Ampol has completed its acquisition of EG Australia, finalising the deal on 30 June for gross consideration of $1.165 billion and creating a company-operated network of approximately 1,100 sites, the largest in Australian fuel and convenience retail.
The shape of the transaction
The acquisition adds around 480 largely east coast sites, approximately 2 billion litres of annual fuel sales and about 4,200 employees to Ampol’s operation. Net cash consideration was approximately $1.12 billion after adjustments. The ACCC approved the deal in June subject to conditions, the central one being the divestment of 41 sites to Metro Petroleum, owned by the Dib Group, a process now under way. Completion returns the former Woolworths fuel network, which EG Group acquired in 2019, to Australian ownership.
The integration plan
Ampol expects $65 million to $80 million in annual synergies by June 2028, mostly cost based. The headline retail move is the expansion of U-GO, Ampol’s unstaffed, low cost fuel format: the network is planned to grow from 46 locations to around 170 over the next two years, with approximately 125 of the acquired EG sites earmarked for conversion. Ampol has also flagged rolling its Foodary convenience format across parts of the acquired network, alongside broader convenience, EV charging and low cost fuel offerings.

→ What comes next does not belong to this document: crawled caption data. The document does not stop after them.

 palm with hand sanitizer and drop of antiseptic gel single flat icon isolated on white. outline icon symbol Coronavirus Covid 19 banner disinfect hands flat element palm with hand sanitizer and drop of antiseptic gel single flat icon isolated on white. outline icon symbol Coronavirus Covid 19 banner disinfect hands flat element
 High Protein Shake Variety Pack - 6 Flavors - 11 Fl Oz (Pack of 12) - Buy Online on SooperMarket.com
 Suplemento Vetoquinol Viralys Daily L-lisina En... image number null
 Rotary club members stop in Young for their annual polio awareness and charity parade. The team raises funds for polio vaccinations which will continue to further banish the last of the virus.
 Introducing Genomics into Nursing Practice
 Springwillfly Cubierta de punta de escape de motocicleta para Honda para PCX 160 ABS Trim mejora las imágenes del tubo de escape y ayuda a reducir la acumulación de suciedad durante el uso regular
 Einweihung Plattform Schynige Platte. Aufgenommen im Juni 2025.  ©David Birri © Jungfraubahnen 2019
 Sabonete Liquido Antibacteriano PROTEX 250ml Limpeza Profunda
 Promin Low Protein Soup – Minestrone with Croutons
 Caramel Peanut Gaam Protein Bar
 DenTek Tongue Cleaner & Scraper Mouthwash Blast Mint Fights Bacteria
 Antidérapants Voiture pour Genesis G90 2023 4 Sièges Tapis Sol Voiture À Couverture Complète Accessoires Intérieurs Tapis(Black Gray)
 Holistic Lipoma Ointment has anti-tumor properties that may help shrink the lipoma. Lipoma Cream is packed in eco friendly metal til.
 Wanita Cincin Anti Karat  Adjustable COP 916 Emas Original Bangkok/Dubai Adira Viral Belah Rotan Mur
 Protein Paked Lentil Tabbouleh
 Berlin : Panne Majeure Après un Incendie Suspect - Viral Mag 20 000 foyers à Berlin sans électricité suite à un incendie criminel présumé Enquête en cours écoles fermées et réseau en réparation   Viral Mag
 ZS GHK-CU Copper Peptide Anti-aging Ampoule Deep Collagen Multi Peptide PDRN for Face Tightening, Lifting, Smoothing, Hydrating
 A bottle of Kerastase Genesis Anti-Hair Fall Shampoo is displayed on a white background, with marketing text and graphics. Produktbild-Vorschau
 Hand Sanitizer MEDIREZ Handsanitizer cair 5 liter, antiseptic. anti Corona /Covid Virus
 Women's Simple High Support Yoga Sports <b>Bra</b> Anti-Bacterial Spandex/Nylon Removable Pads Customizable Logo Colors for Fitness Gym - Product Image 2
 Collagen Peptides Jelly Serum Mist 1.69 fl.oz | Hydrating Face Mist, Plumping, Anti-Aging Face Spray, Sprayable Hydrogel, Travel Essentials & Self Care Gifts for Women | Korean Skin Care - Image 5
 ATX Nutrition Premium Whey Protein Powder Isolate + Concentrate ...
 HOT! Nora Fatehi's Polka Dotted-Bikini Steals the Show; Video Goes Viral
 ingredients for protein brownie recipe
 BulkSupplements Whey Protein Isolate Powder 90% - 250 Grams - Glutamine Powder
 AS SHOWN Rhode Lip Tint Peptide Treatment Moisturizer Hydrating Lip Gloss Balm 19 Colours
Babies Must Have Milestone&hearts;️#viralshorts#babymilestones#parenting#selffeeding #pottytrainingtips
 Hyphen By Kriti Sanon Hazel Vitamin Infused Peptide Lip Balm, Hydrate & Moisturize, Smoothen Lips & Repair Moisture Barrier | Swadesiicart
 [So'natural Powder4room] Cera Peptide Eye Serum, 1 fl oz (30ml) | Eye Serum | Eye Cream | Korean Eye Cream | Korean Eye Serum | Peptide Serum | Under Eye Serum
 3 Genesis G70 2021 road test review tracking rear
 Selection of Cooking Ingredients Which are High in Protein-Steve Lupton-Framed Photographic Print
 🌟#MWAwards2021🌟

What changes in the market
The completion caps the biggest reshaping of Australian fuel retail ownership in a generation. In the space of a few years, Coles Express has passed to Viva Energy and become Reddy Express, OTR has joined Viva, and the former Woolworths network has moved through EG to Ampol. The corporate networks that remain are larger, better capitalised and cheaper to run per site than what they replaced.
Two second-order effects are worth watching. The 41 divested sites give Metro Petroleum, already the largest independent chain, a step-change in footprint across markets chosen by the regulator specifically for their competitive sensitivity. And the U-GO conversion program puts a discount, unstaffed fuel offer into suburbs and regional centres that have not previously had one, which historically moves local price boards within weeks of opening.
The under-invested tail
Industry observers have long noted that parts of the legacy EG network were under-invested during its ownership. Ampol’s capital and the Foodary format will now be applied to those sites, which suggests a period of refurbishment, rebranding and re-opening activity across the acquired network through FY2027, with the usual promotional pricing that accompanies relaunches.
A note for independent operators
For independents, the practical questions are local: whether a nearby EG site is on the U-GO conversion list, how pricing behaves around converted sites during their establishment period, and what a Metro takeover of a divested site means for the immediate market. The independent response to unstaffed discount competition remains what it has always been: the shop, food, services and local relationships that a site without staff cannot offer.